As a TLT executive, Lowe benefited from the company's expansion into the state, and he entered the forum in furtherance of that interest. I thus find jurisdiction over Lowe proportional to his contacts with Pennsylvania, and that he could fairly anticipate defending himself against wage and hour litigation initiated by Pennsylvania employees.
For the same reasons set forth above, jurisdiction over Defendant Lowe would also comport with fair play and substantial justice. Lowe would not be unduly inconvenienced by defending himself in this forum. I therefore conclude that Lowe is subject to personal jurisdiction in this action.

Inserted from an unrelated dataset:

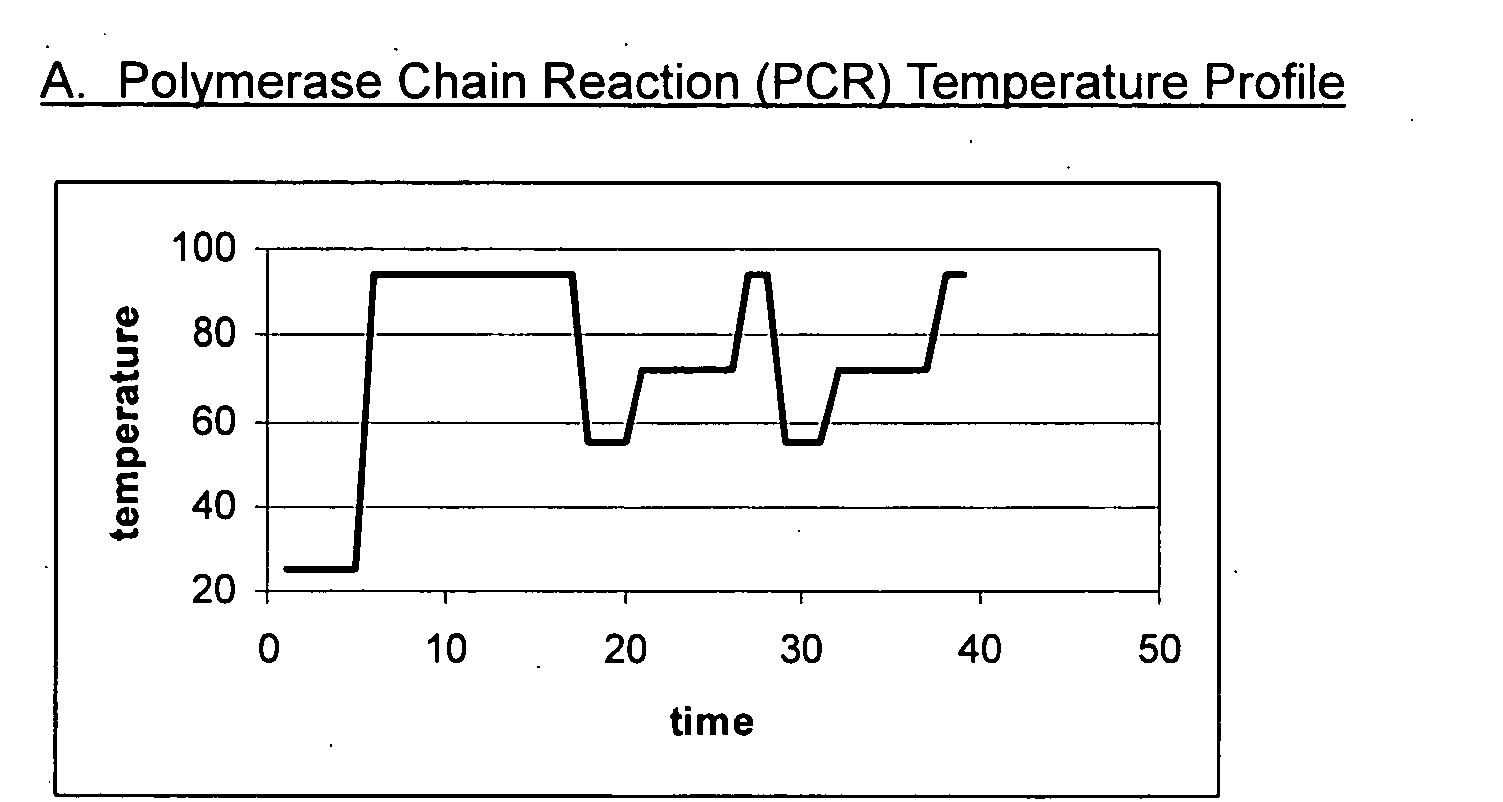 Figure US20050129582A1-20050616-P00002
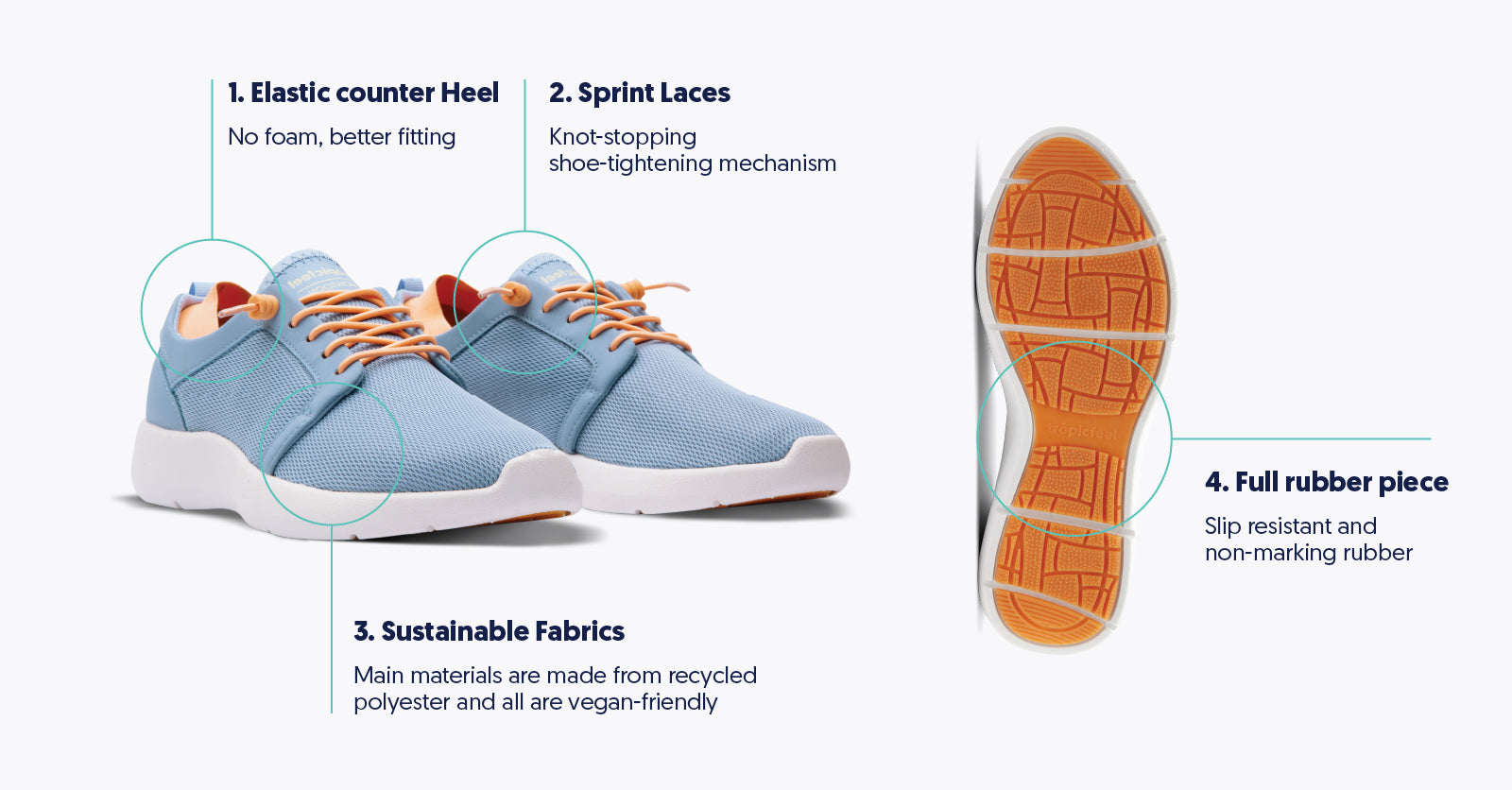 Tropicfeel Monsoon - Travel and sustainable Sneaker - Chive Green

B. Personal Jurisdiction over the Maryland Plaintiffs' Claims
Relying on Bristol-Myers Squibb Co. v. Superior Court of California , --- U.S. ----,
137 S.Ct. 1773 ,198 L.Ed.2d 395 (2017), Defendants Foreman and Lowe further argue that this court does not have personal jurisdiction over them for the Maryland Plaintiffs' claim arising under the Maryland Wage and Hour Law in Count III. See Defs.' Br. 13, ECF No. 35-1; Defs.' Reply 6, ECF No. 48.*899In Bristol-Myers , the Supreme Court considered whether a California state court could exercise specific personal jurisdiction over nonresident plaintiffs' products liability claims.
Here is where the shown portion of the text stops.